The structure is what does the work. Natural-language review is easy to wave through; a blocking finding with a file path and line range attached to it is harder to ignore. If the reviewer wants to stop the loop, it has to say so in a structured field that the orchestrator actually reads.

Permissions and worktrees

A few practical choices in the scaffold matter more than they sound on first reading.

The builder runs with the minimum edit-capable permission, while the reviewer runs read-only by default — read_only for Codex, plan for Claude. This isn't about distrust of the reviewer; it's about making the review pass actually function as a review pass instead of quietly editing things on the side.

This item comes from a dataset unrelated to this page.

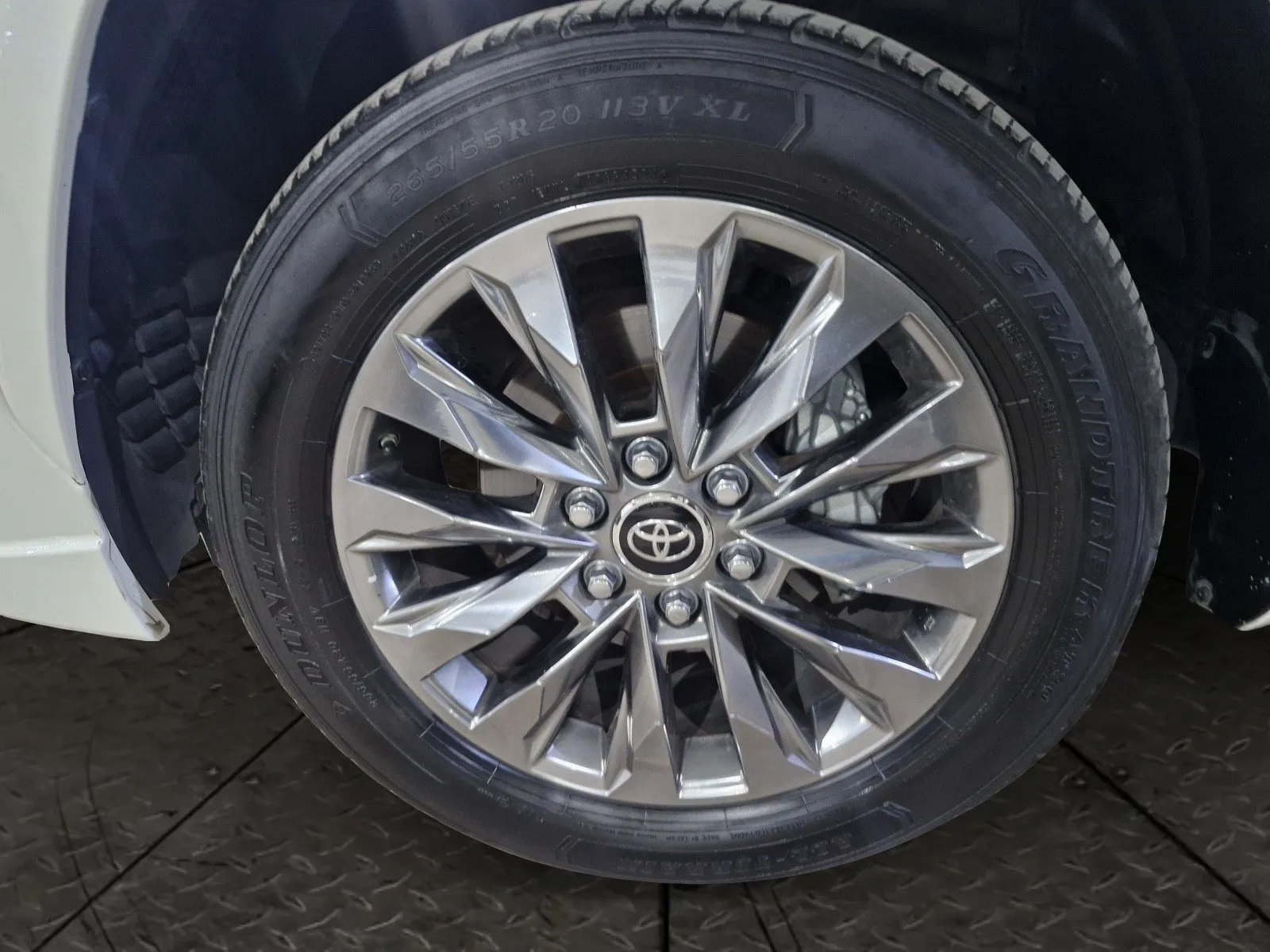 Toyota Land Cruiser GXR3 2025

The orchestrator can also be told to run the whole loop in a disposable git worktree, so the main checkout is never touched until the human makes the merge decision. For riskier tasks I default to worktree mode on. For low-risk experiments I leave it off and accept the trade-off.

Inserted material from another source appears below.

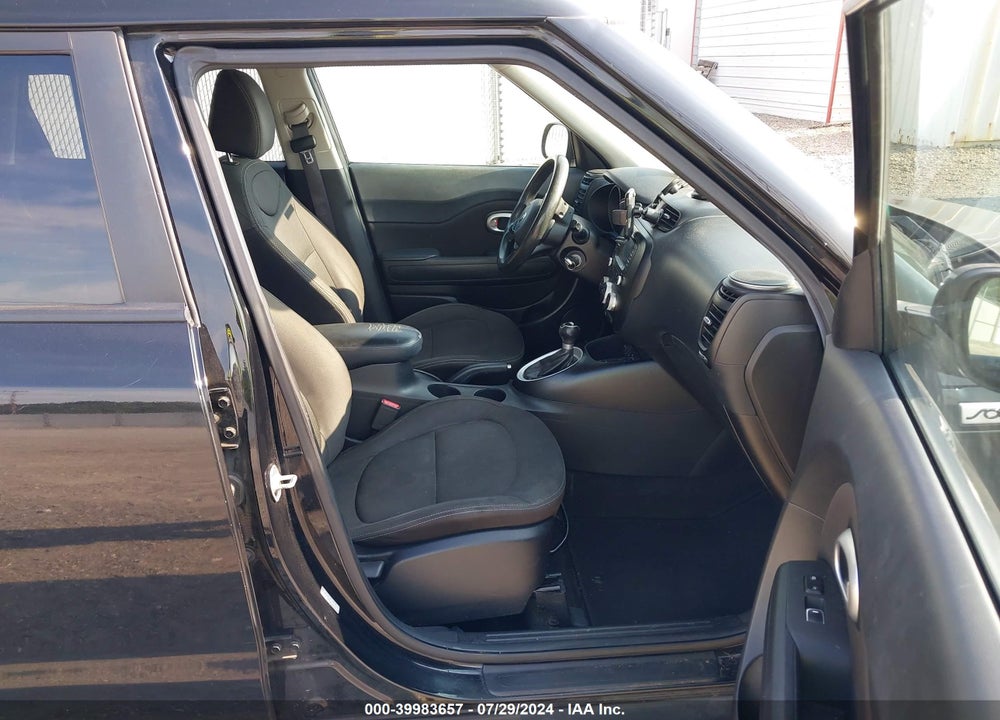2017 KIA SOUL VIN: KNDJN2A21H7467075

What I've relearned on my own projects

I've been working on Waypoint lately — one person, high agent leverage, moving quickly. It's the right environment to feel the cost of skipping review, because there's nobody else around to catch what you miss.

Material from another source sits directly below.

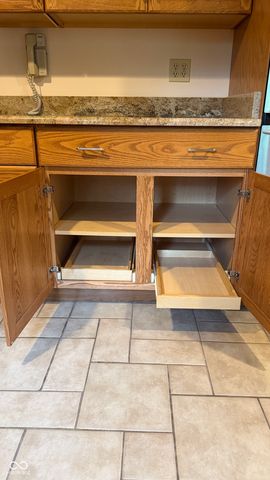 3022 Walnut Court, Greenfield, IN 46140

The pattern has been depressingly consistent. Every time I've let a single agent both implement a change and self-approve it, something has slipped through — a regression in a test that shouldn't have been touched, a missing null check on a code path I'd assumed was safe, a "helpful" refactor of a file the task didn't ask me to touch. None of these have been catastrophic on their own. All of them have been exactly the kind of thing a separate reviewer would flag in ten seconds.

The cost of adding the checkpoint is small. The cost of skipping it shows up later, usually in a place I wasn't looking.

Where this is going

Most of the current conversation about AI coding is about which model writes better code. I think that's the wrong frontier — the models are already good enough for most working engineers. The actual bottleneck is the review structure around them: who reviews what, at what pace, with what authority to stop the loop.

Over the next year I expect this becomes the real axis of differentiation between teams shipping with agents and teams just generating code with agents. The model is table stakes. The scaffolding is where the edge will be.

None of that is glamorous. It's the boring part of the stack — the part that turns agent-driven delivery from a demo into something you can actually ship.

The repo is on GitHub: sorinc03/agent-peer-review. If you're running multi-agent loops in earnest, especially in ways I haven't tried, I'd love to hear where yours is failing. That's the part I'm still learning.